Sedangkan kebenaran yang diperoleh dalam tasawuf bersifat subjektif atau
dikenal dengan istilah huduri yaitu suatu kebenaran yang objeknya datang
dari dalam subjek itu sendiri karena pengalaman akan rasa itu sulit untuk
dibahas.
G. Hubungan
Filsafat, Ilmu Kalam dan Tasawuf
1. Hubungan Filsafat
dan Ilmu Kalam
Dalam ilmu
kebahasaan, kalam adalah kata-kata yang tersusun dalam suatu kalimat yang mempunyai
arti. Sementara dalam ilmu agama yang dimaksud dengan kalam adalah firman Allah
SWT. Kemudian kata ini menunjukkan suatu disiplin ilmu yang berdiri sendiri.
Persoalan
penting yang menjadi pembicaraan di abad-abad permulaan hijrah adalah firman
Allah, kalam Allah berupa Al Qur’an sebagai salah satu sifat-Nya “apakah qadim,
tidak diciptakan, ataukah hadis (baharu), diciptakan?.
Perbincangan-perbincangan seperti ini dibahas oleh mutakallimin dengan
banyak menggunakan dalil-dalil akal (rasio).
Kaum teolog
menetapkan pokok persoalan dengan mengemukakan dalil-dalil akal terlebih dahulu
setelah tuntas, baru mereka kembali pada dalil naqli (Al Qur’an dan as
Sunnah). Cara pembuktian kepercayaan-kepercayaan agama menyerupai ilmu logika
dan filsafat[92].
Dengan demikian, ilmu kalam merupakan salah satu ilmu keislaman yang
timbul dari hasil diskusi umat Islam dalam merumuskan akidah Islam dengan
menggunakan dalil akal dan filsafat. Ibnu Khaldun[93]

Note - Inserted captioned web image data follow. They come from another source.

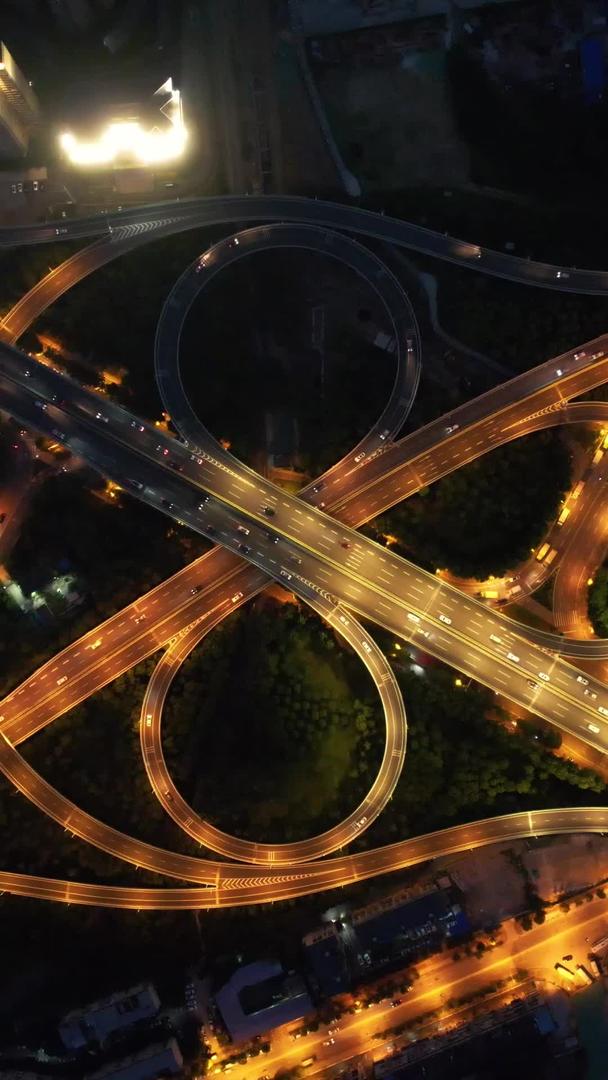 航拍拍摄城市夜景灯光高架桥道路交通流量街景交通素材视频的预览图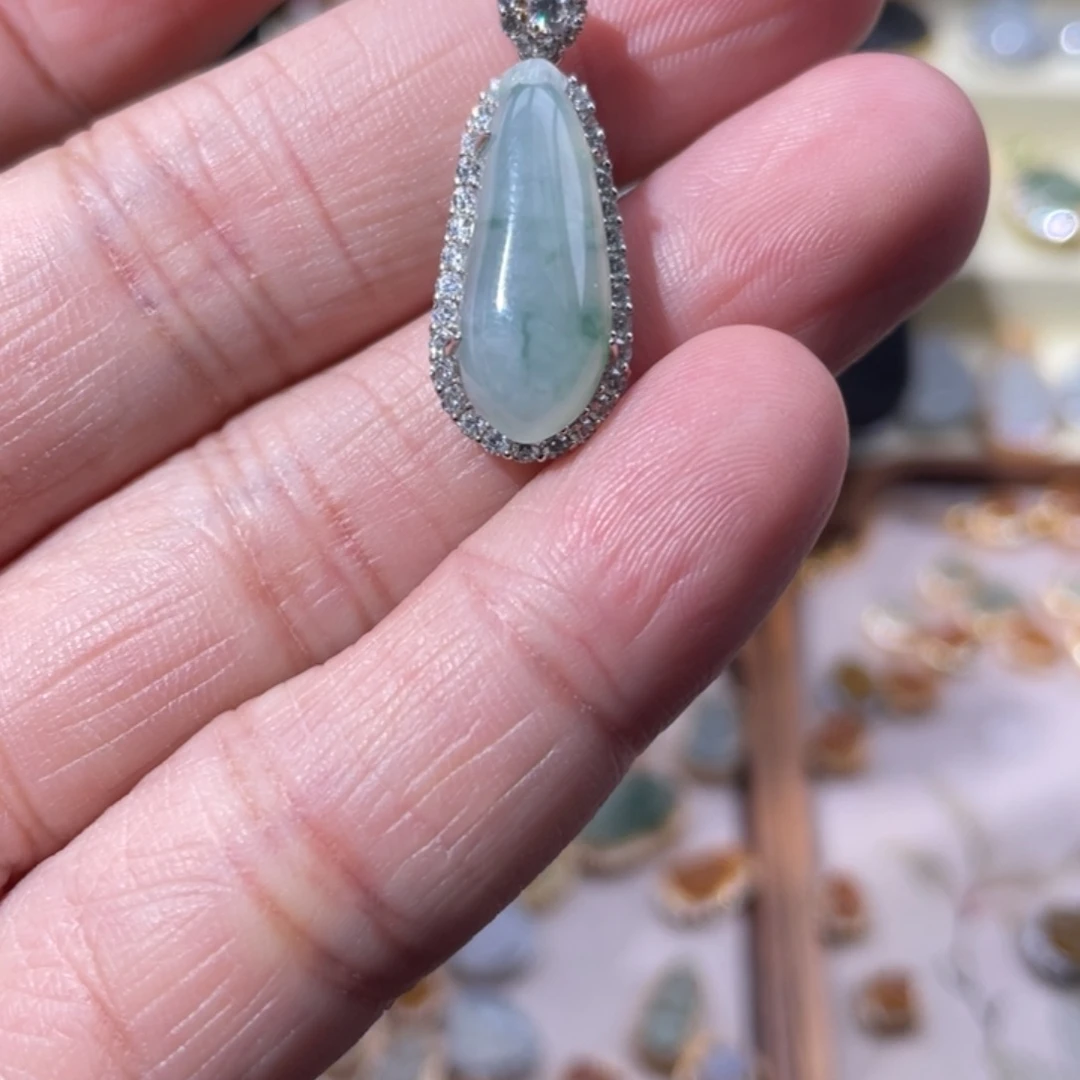 翡翠银S925镶嵌颈饰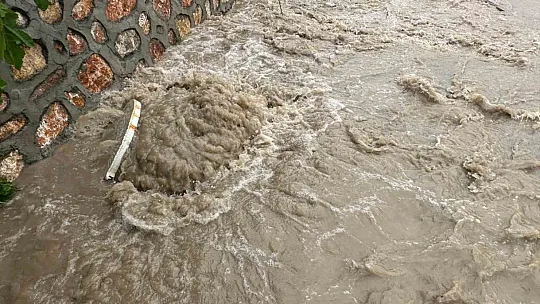 Elazığ'da şiddetli yağış: Cadde ve alt geçitleri su bastı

dalam Muqaddimah-nya telah memasukkan ilmu kalam dalam ruang
lingkup filsafat[94].
Ilmu kalam sebagaimana halnya filsafat Islam terpengaruh dengan filsafat
Yunani, namun demikian sumber pokok yang mereka manfaatkan adalah nash-nash
agama. Ilmu kalam memang lahir dari masalah dalam Islam sendiri,
sedangkan pemecahannya terpengaruh dari filsafat.
Ilmu retorika
(cara berdebat) mendapat perhatian tersendiri oleh kaum Muslim. Hal ini
dimanfaatkan oleh para mutakallimin sebagai alat untuk menguatkan
dalil-dalil kepercayaan Islam dalam menghadapi lawan-lawannya. Mutakallimin mengambil
filsafat Yunani dan mempertemukannya dengan ajaran-ajaran Islam yang lahirnya
seperti bertentangan[95].
2. Hubungan
Filsafat dan Tasawuf
Ilmu tasawuf
yang berkembang di dunia Islam tidak dapat dinafikan sebagai sumbangan
pemikiran kefilsafatan. Ini dapat dilihat, misalnya dalam kajian-kajian tasawuf
berbicara tentang jiwa. Secara jujur, harus diakui bahwa terminologi jiwa dan
roh itu merupakan terminologi yang banyak dikaji dalam pemikiran-pemikiran
filsafat. Sederetan intelektual muslim yang mengkaji roh dan jiwa diantaranya
adalah al-Kindi, al-Farabi, Ibnu Sina, dan al-Ghazali.
Kajian-kajian
mereka tentang jiwa dalam pendekatan kefilsafatan ternyata banyak memberikan
sumbangan yang sangat berharga bagi kesempurnaan kajian tasawuf dalam dunia
Islam. Kajian-kajian kefilsafatan tentang jiwa dan roh kemudian banyak
dikembangkan dalam tasawuf[96]. Menurut
al-‘Iraqy, tasawuf dalam Islam termasuk dalam ruang lingkup filsafat Islam
secara umum, Menurutnya hal ini disebabkan kaum sufi mempergunakan logika dalam
mempelajari al-hulul, wahdat al-wujud, al-baqa’ dan al-fana.
Baik filsafat
maupun tasawuf keduanya berupaya untuk mengantarkan manusia memahami keberadaan
Allah, namun filsafat ini lebih bersifat teoritis sementara tasawuf bersifat
praktis. Artinya, antara filsafat Islam dan tasawuf sama-sama berupaya untuk
mengantarkan manusia agar memahami keberadaan Allah. Filsafat sebagai sarana
teoritis yang dapat mengantarkan manusia kepada keyakinan praktis. Keyakinan
praktis inilah yang menjadi wilayah tasawuf[97].
3. Hubungan Ilmu
Kalam dan Tasawuf
Ilmu kalam itu
berlandaskan nash-nash agama, dipertemukan dengan dalil-dalil pikiran
dalam membahas akidah dan ibadah sedangkan tasawuf lebih banyak menggunakan dzauq
(perasaan) dan riyadhoh (latihan kejiwaan) dengan memperbanyak amal
ibadah. Pembicaraan materi-materi yang tercakup dalam ilmu kalam
terkesan tidak menyentuh dzauq. Seperti contoh: Allah bersifat Sama’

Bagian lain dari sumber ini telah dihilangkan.